30 NOVEMBER 2014 Television T
HE 16 Days of Activism for No Violence Against Women and Children is upon us, during which women can expect a barrage of messages about how to control their behaviour to prevent men from raping them. Men, meanwhile, are apparently going to be reminded by the government this year that they need to be “protectors”.
If the morass of useless moralising about gender roles starts to bring you down, though, you can always take a refreshing dip into Masters of Sex, screening on M-Net’s new “Edge” channel. Edge only broadcasts at night, from 6pm to 5am, “due to the age-restricted content”, which suggests a sweet belief that everyone who isn’t old enough to handle slightly edgier programming is being packed off to bed at 5.59pm.
Recently, the Advertising Standards Authority upheld a complaint from the public that condom ads shown on SABC3 should be moved to later timeslots so that they are “not likely to reach a young audience”. Surely a “young audience” is precisely the demographic most in need of condom ads?
I feel confident that Bill Masters would agree. Masters is the main character in the ambiguously titled Masters of Sex, a series which sounds as if it’s a reality show about people who are really good at fornication. But even Edge isn’t as edgy as that — they haven’t yet brought us Sex Box, for instance, a UK reality show in which couples have sex in a private box on stage and then discuss it with a counsellor in front of a studio audience.
No, Masters of Sex is a drama, based on real historical events. It tells the story of Masters and Virginia Johnson, who began pioneering work into human sexuality in 1957.
“There are libraries on how babies are born and not a single study on how babies are made,” Masters complains incredu- lously in the first episode. Of course, he didn’t have access to the internet.

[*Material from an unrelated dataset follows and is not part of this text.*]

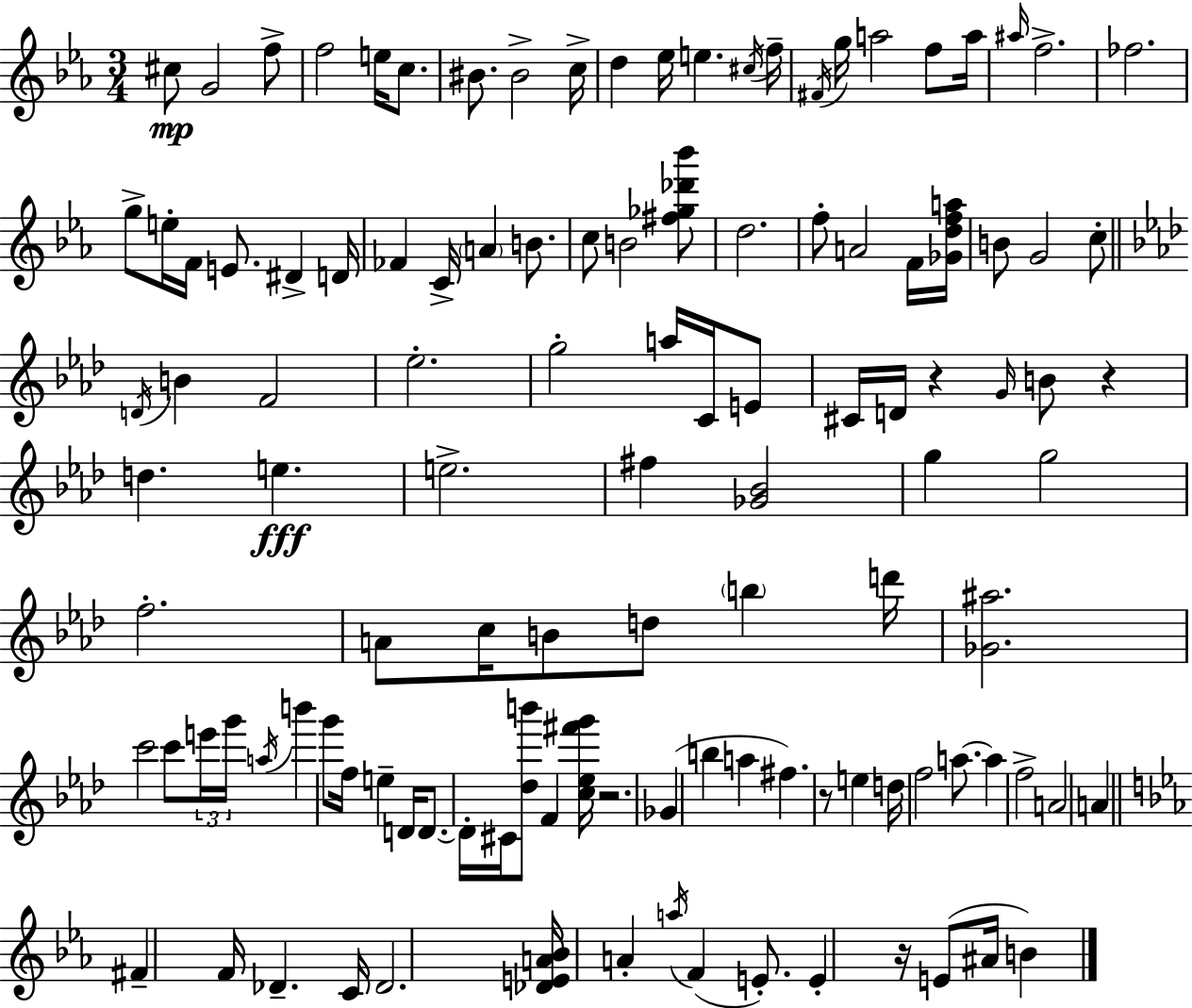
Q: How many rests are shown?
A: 5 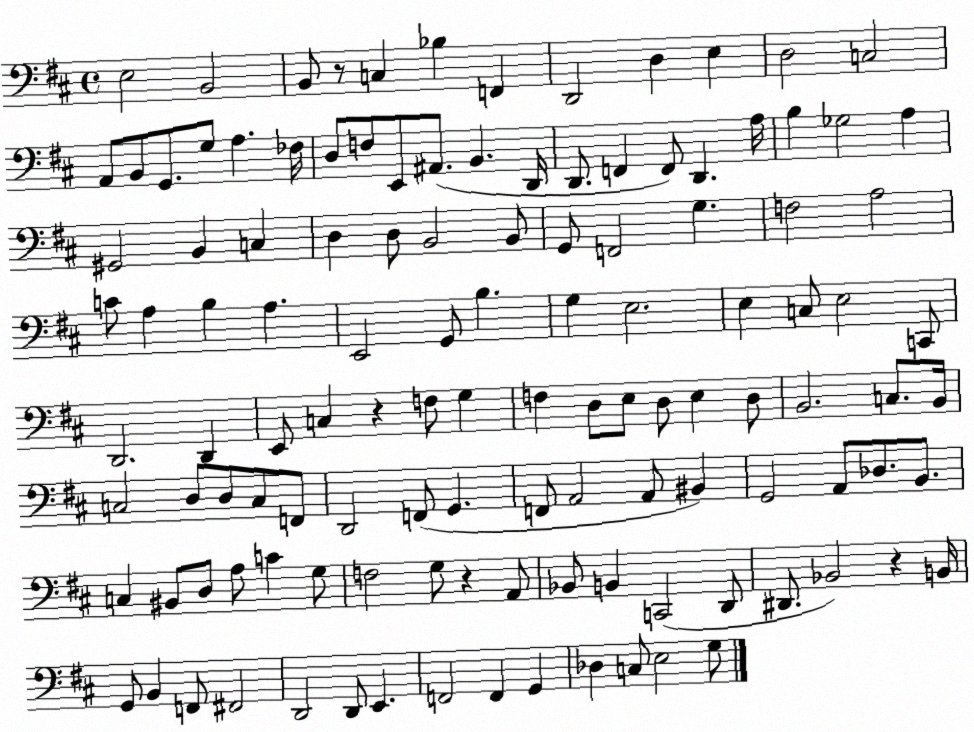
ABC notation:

Before Masters, Alfred Kinsey had brought out The Kinsey Reports into sexual behaviour. The differ ence between Masters and Kinsey, however, was that Kinsey conducted his research by carrying out interviews with people. Masters got people to have sex in front of him, in his laboratory, strapped to electrodes. And not people who knew each other, either: people that he and Johnson arbitrarily paired.

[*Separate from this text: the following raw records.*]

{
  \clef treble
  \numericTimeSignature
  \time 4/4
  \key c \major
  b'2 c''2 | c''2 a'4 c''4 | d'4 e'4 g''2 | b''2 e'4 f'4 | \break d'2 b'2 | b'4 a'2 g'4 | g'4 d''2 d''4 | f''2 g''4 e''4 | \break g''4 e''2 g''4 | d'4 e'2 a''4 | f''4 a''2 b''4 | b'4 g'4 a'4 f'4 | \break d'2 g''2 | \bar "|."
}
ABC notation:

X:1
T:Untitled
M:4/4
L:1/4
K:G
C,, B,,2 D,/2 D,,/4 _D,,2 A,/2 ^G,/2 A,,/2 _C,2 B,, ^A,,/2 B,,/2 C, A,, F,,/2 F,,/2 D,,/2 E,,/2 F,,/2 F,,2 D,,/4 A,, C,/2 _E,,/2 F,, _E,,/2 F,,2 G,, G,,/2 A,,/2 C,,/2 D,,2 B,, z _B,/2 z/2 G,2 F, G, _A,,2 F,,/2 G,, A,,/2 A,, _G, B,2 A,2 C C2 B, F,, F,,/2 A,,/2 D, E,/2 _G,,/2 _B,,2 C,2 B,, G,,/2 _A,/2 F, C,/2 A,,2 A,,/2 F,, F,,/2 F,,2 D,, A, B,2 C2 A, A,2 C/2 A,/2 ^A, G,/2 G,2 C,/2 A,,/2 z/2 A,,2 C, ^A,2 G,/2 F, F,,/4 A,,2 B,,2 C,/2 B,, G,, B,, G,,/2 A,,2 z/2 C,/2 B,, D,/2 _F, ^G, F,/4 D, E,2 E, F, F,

There is sex in the show, of course. It’s not necessarily the kind of thing you’d want to watch with your boss, unless your boss happens to be a research gynaecologist. It’s very far from pornographic, but what does make it titillating is the incongruity of a period drama — often tame and chaste — in which the focus is on sexuality.

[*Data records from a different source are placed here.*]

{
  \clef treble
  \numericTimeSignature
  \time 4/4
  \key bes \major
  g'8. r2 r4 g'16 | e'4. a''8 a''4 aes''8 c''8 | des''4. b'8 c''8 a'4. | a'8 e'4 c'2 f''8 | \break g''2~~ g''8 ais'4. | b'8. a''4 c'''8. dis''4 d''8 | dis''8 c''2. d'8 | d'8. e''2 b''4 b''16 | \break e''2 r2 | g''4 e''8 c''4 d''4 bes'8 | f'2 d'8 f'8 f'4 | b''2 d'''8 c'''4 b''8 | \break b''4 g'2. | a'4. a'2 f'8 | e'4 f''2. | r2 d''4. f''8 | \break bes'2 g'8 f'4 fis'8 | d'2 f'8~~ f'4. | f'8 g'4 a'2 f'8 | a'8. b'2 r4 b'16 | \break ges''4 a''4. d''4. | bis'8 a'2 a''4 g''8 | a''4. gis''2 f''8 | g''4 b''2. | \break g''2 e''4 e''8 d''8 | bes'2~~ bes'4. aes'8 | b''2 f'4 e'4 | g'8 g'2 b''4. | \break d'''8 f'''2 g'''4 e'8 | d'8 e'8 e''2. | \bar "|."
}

In different hands this subject matter could have seemed tacky, but the writing is excellent and the acting superb. Masters is played by Michael Sheen, the extraordinarily talented Welsh actor who impersonated Tony Blair in the 2006 movie The Queen. In early episodes, it’s his co-star Lizzy Caplan who really steals the show, however, playing his sexually liberated research assistant.
Masters himself is anything but liberated, but he is a brilliant obstetrician. The series can’t be blamed for this, since it’s dealing with historical fact, but one does weary a little of these shows featuring mysterious, maverick doctors with personality flaws (see: House; The Knick). That criticism aside, what Masters of Sex brings to the small screen is something that feels genuinely original.
“We sit like prudish cavemen in the dark, riddled with shame and guilt,” laments Masters. Damn that load-shedding.